“We’re shaped more by the disasters than the triumphs… as people as well as towns/cities”
Alan Montgomery Goss was born in Waghorne Street at the Port, and he attended the Port School, then Napier Boys High School. His grandparents lived in Battery Road at the Port, his grandmother having come out from the UK to the Port in 1867 aboard the Montmorency. His grandfather had driven a horse cab between Napier and Gisborne, and Alan’s father worked at Williams & Creagh.
Some of Alan’s earlier memories are of the 1931 Earthquake, and he remembers being thrown around. His father liked to tell the story of Alan’s first words after the quake; “that was a beaut.” Their house having been damaged during the earthquake, the family lived in a camp near Battery Rd at first, before being taken as refugees to Taradale, then living for a period of several months with relatives in Woodville. He remembers that it was an unsettling time, but they accepted it. A family friend Harry Shepperson, who worked at the Port, died in the quake.
Like many kids growing up in New Zealand during the Depression years, Alan’s parents tried to shield him as much as possible from the financial pressures, but he still had a sense that times were difficult. His mother had to take in boarders to supplement the family income, and when the neighbour’s son was married, Alan remembers the spartan festivities and meal at the wedding that those hard times had necessitated.
Alan remembers life in this time as being much simpler. There were no cars so people tended to live their lives more ‘locally’; there was no TV – conversation and communication with people was much more central. Life was more intimate and community connections more important. “People really knew their next door neighbours ..the people around us were woven into our lives.” Alan looks back at growing up at the Port being somewhat like the TV show Coronation St, with people in a community knowing more about each other’s lives, the different industries and trades such as fishing, wool, timber etc being interwoven, and everybody knowing the shopkeeper’s name and vice-versa.
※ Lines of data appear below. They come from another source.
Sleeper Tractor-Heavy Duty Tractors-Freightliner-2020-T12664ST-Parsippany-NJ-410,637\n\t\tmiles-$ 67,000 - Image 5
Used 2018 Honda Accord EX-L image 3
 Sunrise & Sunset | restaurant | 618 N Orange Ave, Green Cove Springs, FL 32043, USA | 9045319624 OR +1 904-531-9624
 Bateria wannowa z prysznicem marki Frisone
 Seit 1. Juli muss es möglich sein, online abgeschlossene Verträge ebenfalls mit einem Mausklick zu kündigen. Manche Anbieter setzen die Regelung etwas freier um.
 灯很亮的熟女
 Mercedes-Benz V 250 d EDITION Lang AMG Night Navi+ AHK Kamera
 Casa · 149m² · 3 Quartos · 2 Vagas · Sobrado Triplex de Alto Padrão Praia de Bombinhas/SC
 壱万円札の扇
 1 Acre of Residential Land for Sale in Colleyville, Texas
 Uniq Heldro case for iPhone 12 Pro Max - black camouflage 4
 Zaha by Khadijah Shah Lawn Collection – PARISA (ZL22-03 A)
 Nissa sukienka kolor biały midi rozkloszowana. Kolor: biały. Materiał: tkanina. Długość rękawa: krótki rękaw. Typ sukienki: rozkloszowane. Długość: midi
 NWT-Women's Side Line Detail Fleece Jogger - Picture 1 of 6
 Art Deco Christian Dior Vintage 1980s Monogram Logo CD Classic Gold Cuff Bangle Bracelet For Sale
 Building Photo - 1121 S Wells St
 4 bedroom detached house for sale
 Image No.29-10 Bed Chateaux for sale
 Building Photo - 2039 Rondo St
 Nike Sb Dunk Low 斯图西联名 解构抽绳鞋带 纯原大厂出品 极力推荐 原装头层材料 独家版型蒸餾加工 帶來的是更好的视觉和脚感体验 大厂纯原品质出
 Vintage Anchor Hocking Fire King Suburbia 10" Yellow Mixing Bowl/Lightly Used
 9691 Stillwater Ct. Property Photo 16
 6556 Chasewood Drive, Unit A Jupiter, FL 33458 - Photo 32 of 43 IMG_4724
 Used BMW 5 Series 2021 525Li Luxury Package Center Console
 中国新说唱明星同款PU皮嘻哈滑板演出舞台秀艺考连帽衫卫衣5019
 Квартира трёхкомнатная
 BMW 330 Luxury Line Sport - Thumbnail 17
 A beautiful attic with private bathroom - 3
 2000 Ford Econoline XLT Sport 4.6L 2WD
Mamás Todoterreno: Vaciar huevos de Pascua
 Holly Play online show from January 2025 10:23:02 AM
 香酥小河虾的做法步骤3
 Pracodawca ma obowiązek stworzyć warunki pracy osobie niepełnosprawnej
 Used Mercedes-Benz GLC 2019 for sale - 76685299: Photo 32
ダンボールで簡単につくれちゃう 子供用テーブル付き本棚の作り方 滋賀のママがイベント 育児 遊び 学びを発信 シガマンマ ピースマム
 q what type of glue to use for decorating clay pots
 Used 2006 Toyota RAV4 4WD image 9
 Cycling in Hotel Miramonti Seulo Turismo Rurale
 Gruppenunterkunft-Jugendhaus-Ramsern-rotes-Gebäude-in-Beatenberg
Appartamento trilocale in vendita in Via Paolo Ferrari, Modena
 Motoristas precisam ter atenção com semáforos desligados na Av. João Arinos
Kids growing up at the Port made their own fun. Playing cricket on empty nearby sections, building huts, or just wandering around and ‘mucking about’ along the Hardinge Rd seafront, were all popular pastimes. Visiting ‘town’ – going ‘over the hill’ by tram or bus on a Friday evening to go to the movies was popular.
Alan served in the Army in World War II, going into camp first in Greytown then Waiouru, before being away two and a half years overseas.
Reflecting on growing up in this unique, tight-knit community Alan has come to realize how important in shaping people the community connections are, and how we are defined by social aspects of our lives: “Life is one big bundle. It’s how we get along.”